Uma vendedora ambulante, que preferiu não se identificar, disse que conversou algumas vezes com o morador de rua:

— Já o vi por aqui outras vezes. Ele me pediu ajuda e dei pipoca e comida, além de dinheiro de passagem. Ele disse que era da Bahia e que já esteve internado aqui e saiu bem. Falou que ia para a Tijuca, mas foi para a rua aqui de trás. Era usuário de drogas — relata.

— Conversamos ontem (quarta-feira), e ele me disse que estava na Mangueira. Hoje (ontem), ele morreu.

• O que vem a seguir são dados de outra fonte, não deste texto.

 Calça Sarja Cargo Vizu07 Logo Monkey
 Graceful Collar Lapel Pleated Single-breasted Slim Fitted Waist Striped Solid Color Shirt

A partir desses relatos, os repórteres do jornal foram buscar mais informações sobre o homem e, entre as fotos feitas no acesso à unidade nos últimos dias, identificaram a vítima ao lado de outros doentes que faziam uma via-crúcis por socorro médico. No dia 17, ele estava deitado num banco de concreto que fica na área onde pacientes aguardam por atendimento. Coberto por um lençol, ele parecia dormir. Em imagens do “RJ-TV”, da Rede Globo, também é possível vê-lo, em outro flagrante, acordado e reclamando de dores.

Às 8h10m de ontem, a câmera flagra a chegada de um veículo da Polícia Militar ao ponto onde estava a vítima. Os policiais teriam chamado o socorro do Corpo dos Bombeiros, mas o homem já estava morto. A 4ª DP (Praça da República) abriu inquérito para investigar encontro de cadáver. Uma perícia, segundo a polícia, já foi feita no local.